The topic of obligation brings to mind what sociologist Helen Fein (1979) calls one’s universe of obligation. According to Fein, how the members of a group, a community, or a nation define who belongs and who does not has a lot to do with how they define their universe of obligation. Although Fein uses the phrase to describe the group of individuals within a society “toward whom obligations are owed, to whom rules apply, and whose injuries call for amends” (4), we might also refer to an individual’s universe of obligation.
I connect this notion to Urie Bronfenbrenner’s (1979) Ecological Systems Theory. Influenced by fellow developmental psychologist Lev Vygotsky, Brofenbrenner theorized that the influence of many institutions and settings—including social, political, and economic conditions—interact and affect the developing human. Brofenbrenner depicted these settings with interconnecting layers. Like ripples in a pond, the model suggests that interactions between individuals and their environments shape personal development over time.
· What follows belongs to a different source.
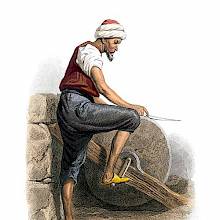 A man is seen from the side sharpening a knife on a grindstone operated by foot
To open a conversation about obligation, I might invite students to sketch and label these universes. Once they have considered to whom they owe responsibility in their immediate environments, I suggest they move beyond the family and friends circle to consider neighborhoods, communities, institutions, and other social systems to which they may feel an obligation. As students sketch and label these universes, the teacher might lead a discussion about any factors that influence how we define our universe of obligation and the roles that cultural values and altruism play in restricting or enlarging this universe. We might also discuss three additional concepts: 1) The ways in which an individual might communicate who is part of his or her universe of obligation and who is not, 2) The consequences that might transpire when a breakdown in the universe of obligation occurs, and 3) How this breakdown may contribute to prejudiced attitudes and to an escalation of hate if left unchecked.
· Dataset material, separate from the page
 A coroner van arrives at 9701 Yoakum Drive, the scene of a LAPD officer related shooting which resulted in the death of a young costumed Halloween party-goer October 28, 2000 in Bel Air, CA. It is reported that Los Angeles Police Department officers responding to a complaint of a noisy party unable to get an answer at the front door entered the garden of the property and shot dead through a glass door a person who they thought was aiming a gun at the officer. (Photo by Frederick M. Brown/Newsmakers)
From this exercise and discussion, students might take away a key fact: Everything we do and think affects the people in our lives, and their reactions in turn affect others. Therefore, the choices we make have far-reaching consequences. When we begin to see the world through these new eyes and to understand that each of us carries within us the capacity to change the world in small ways for better or for worse, we might also begin to view our obligations differently. Perhaps when we encounter prejudice, we might intervene and interrupt hurt, we might create conditions that reduce instances of injustice, or we might refuse to remain silent. Hopefully, students who have undergone this training will adopt Anna Sewell’s stance in Black Beauty: “With cruelty and oppression, it is everybody’s business to interfere when they see it” (106).
Bronfenbrenner, Urie. The Ecology of Human Development. Cambridge: Harvard University Press, 1979.
Fein, Helen. Accounting for Genocide. New York: Free Press, 1979.
Sewell, Anna. Black Beauty: The Autobiography of a Horse. New York: Barse and Hopkins, 1911.